Beware the Time-Love Continuum

A few years ago, one of my colleagues introduced me to an idea. Since then, I haven’t been able to get this idea out of my head. He called it The Time-Love Continuum. (Dun dun dunnnnnnn!)

It goes something like this.

The more time you spend with an idea, the more you fall in love with it. Time and familiarity with an idea don’t guarantee the idea will work as you intend. But if you’re aware that our brains work this way, you can avoid the predictable pitfalls.

Risk 1: Creativity and objectivity are compromised

There’s a phrase: “You can’t see the forest for the trees.” What you focus your attention on will gradually fill your entire field of vision. When you think about your idea, you risk losing your ability to evaluate it against other possibilities. You might not even be able to think of other possibilities!

Counteract this tendency by thinking of lots and lots and lots of ideas before picking one. Think of bad ideas. Crazy ideas. Ideas that come out of nowhere. Give yourself options to play with and compare. There’s plenty of time to fall in love with your idea, once you’ve proven it’s actually a good one.

Risk 2: It becomes inevitable in your mind

One of my favorite books is Liminal Thinking by Dave Gray. In it, he shows how our experience and attention lead us to our unique perspectives and conclusions. What is “so obvious” to you—especially as you spend time with an idea—can be gibberish to someone else.

Instead, find someone who doesn’t know what you’ve been working on. Show them your idea. Ask them to describe it back to you. Ask what questions it brings to mind for them. Do this as early as possible. You’ll discover all sorts of things about how your idea does or does not make sense, so you can keep working on it.
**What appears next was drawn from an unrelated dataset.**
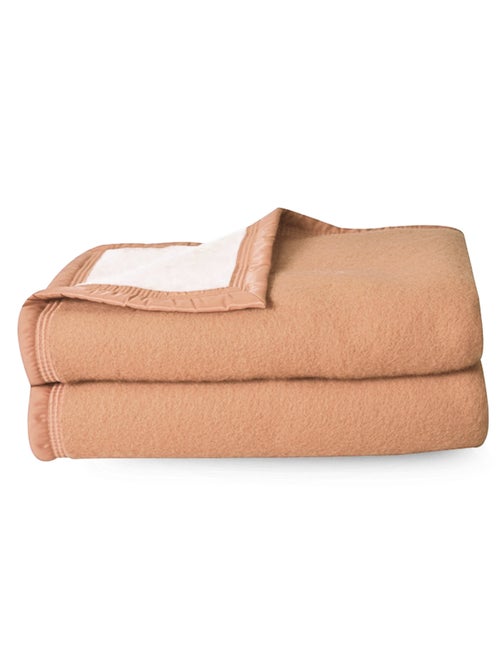 Couverture laine vierge VOLTA woolmark - Kiabi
Risk 3: Sunk cost thought distortion

Ah, the sunk cost fallacy. This is a thought distortion that leads you to illogically keep chasing something simply because you’ve already put time and money into it.

Although it is categorized as a thought distortion, it’s really an emotional imbalance. As humans, we REALLY don’t like the feeling of losing out on something, so we invent rationalizations for why we should continue—even when the evidence shows this idea won’t bring the results we want.

The antidote to this pitfall is to run lots of little experiments to test the idea along the way. The instant you see a problem or a gap, you can pivot. Doing this early, instead of waiting, will help you stay out of this logical fallacy.